No se entiende sino que la ministra Vallejo anuncie públicamente acuerdos (que no son tales), provocando enojo en la oposición y los presidentes del Senado y la Cámara de Diputados, y retardando las conversaciones para elaborar una nueva Constitución; ni que la ministra Tohá (supuestamente de izquierda moderada) haya dicho que quería bailar cueca con un acuerdo firmado y contar con una Constitución aprobada antes del quincuagésimo aniversario del 11 de septiembre de 1973. La izquierda da importancia a los hitos simbólicos, pero estos, para adquirir valor, deben tener algún sentido de realidad.
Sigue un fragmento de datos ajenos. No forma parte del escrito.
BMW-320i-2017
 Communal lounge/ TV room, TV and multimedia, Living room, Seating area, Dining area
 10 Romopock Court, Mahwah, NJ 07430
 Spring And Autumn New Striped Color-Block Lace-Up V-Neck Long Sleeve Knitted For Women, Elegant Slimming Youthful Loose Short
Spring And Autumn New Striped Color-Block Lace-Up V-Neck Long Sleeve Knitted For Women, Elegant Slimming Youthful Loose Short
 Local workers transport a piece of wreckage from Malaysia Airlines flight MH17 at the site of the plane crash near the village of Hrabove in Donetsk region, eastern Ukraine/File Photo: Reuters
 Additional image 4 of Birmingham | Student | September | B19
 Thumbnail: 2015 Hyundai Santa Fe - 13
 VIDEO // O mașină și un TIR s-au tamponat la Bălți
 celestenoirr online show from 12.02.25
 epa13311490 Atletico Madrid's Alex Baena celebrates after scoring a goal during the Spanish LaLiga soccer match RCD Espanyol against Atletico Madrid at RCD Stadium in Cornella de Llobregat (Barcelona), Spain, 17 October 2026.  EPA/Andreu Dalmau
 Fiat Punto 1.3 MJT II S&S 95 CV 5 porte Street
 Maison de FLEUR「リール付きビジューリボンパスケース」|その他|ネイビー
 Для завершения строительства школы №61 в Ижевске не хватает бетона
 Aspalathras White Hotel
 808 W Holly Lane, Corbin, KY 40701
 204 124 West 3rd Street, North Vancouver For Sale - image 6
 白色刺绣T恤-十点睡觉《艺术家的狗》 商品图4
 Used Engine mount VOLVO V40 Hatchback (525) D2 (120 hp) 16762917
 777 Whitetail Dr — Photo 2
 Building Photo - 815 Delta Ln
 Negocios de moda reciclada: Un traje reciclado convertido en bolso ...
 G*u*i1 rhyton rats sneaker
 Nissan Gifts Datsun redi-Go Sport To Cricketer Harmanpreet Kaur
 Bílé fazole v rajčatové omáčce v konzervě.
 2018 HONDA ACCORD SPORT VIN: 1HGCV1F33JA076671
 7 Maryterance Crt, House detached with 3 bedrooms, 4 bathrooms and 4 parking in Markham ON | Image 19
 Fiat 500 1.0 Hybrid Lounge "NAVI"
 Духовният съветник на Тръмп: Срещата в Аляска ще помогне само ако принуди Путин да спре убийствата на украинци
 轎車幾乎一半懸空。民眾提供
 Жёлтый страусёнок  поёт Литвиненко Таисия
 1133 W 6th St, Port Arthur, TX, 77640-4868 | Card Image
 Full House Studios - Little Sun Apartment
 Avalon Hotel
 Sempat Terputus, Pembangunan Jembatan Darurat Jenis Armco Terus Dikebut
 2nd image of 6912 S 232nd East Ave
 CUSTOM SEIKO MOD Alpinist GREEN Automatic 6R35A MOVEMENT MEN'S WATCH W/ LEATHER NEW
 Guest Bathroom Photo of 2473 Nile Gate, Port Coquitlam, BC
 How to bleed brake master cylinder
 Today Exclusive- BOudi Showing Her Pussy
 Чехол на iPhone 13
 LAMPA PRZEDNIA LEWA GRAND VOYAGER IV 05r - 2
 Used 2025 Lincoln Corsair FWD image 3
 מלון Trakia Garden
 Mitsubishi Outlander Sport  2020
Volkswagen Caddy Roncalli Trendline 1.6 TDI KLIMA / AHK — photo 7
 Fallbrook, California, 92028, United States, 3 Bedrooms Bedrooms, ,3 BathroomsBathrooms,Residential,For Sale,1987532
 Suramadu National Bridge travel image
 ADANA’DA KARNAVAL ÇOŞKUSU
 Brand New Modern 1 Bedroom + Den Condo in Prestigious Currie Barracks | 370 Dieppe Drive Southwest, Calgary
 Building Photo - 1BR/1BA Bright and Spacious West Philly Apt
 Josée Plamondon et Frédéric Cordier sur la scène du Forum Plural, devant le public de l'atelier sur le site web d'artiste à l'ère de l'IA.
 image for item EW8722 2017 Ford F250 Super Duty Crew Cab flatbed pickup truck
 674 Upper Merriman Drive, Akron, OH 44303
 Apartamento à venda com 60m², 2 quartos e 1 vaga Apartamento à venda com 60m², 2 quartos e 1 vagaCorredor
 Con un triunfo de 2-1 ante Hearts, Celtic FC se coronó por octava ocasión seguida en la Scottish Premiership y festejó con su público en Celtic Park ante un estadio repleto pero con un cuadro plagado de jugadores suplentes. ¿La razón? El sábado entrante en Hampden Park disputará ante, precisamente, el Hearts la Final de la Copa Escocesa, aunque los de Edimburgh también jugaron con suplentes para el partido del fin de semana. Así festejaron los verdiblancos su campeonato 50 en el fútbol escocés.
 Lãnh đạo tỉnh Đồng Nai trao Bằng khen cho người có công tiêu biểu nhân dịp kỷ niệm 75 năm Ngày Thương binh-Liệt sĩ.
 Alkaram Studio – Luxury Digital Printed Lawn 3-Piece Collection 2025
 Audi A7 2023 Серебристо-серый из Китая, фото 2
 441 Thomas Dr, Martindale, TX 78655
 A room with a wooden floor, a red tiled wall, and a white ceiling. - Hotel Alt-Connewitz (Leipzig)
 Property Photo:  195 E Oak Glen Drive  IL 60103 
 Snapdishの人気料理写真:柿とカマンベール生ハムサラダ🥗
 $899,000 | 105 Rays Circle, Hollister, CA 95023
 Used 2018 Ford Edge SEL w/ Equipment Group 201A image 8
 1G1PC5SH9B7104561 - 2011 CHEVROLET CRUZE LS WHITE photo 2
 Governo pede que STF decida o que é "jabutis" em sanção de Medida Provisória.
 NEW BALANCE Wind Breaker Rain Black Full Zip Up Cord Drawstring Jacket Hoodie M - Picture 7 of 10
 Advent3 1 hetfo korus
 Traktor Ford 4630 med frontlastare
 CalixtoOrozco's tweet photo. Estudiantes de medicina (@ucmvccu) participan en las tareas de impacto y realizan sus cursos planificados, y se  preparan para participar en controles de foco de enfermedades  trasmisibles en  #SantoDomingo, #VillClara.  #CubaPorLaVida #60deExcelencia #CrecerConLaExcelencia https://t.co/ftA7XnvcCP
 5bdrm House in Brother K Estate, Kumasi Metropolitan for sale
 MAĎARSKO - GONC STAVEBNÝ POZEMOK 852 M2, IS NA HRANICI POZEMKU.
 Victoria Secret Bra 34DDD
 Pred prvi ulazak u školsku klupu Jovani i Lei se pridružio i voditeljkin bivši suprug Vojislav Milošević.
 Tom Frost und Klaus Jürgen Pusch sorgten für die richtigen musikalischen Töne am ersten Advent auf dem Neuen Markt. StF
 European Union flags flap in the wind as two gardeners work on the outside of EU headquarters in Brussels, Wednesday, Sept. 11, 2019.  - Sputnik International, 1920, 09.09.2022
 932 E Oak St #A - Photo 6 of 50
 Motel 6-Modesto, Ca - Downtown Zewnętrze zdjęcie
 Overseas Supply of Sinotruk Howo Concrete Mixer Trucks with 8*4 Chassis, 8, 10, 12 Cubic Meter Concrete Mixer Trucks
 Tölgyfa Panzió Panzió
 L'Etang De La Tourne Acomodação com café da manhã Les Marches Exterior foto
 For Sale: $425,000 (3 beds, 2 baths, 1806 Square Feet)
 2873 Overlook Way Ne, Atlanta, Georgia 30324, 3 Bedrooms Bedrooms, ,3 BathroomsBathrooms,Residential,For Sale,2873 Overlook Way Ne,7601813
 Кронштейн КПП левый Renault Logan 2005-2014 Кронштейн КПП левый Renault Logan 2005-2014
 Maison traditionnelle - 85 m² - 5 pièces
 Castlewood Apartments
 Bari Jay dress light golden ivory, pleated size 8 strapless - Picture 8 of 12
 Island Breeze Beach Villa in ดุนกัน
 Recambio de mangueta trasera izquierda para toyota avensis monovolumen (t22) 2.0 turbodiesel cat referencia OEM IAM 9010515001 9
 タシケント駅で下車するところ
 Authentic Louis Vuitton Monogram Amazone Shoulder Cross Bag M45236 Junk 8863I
Y los chilenos que esperan disfrutar las Fiestas Patrias no están preocupados de que se logren rápidos acuerdos que puedan borrar los efectos políticos que para la izquierda tuvo el plebiscito y que puedan llevar, junto al pie forzado de terminar antes del 11 de septiembre de 2023, a producir un borrador de Constitución tan deficiente como el que acaban de rechazar.
Ello y ciertas reacciones apresuradas de la derecha han dado la sensación de que no es el bienestar de la gente lo que motiva a los políticos, sino la posibilidad de acumular más poder y protagonismo.
Pero el poder en política se obtiene por el mandato popular. Y la izquierda ha sufrido un verdadero portazo de la ciudadanía. Ha sido Felipe Schwember quien ha caracterizado mejor esa derrota, al señalar que el plebiscito ha derribado el mito de que el pueblo de Chile no ha disfrutado jamás de una verdadera democracia, ya que las constituciones que el país se ha dado solo han favorecido a las élites que han precarizado, oprimido, colonizado y heteronormado a la mayoría; y también el de que la izquierda radical tiene una suerte de representación por defecto de ese pueblo oprimido. La izquierda había logrado instalar estas dos ideas y sin embargo, cuando ese pueblo representado auténticamente en la Convención pudo al fin expresarse en un borrador de Constitución, vio su proyecto pulverizado por la voluntad popular.
No hay un mandato de la ciudadanía para que una convención elegida elabore un proyecto, eso caducó, abrumadoramente, el 4 de septiembre, y hoy es solo una posibilidad entre otras. Sí hay, en cambio, una voluntad mayoritaria de contar con una nueva Constitución que sepultará el mito con que la izquierda radical ha pretendido embaucar a los chilenos. Ello, pese a la magnanimidad que hoy piden, con cierto descaro, quienes ayer proclamaban estar situados en el lado correcto de la historia.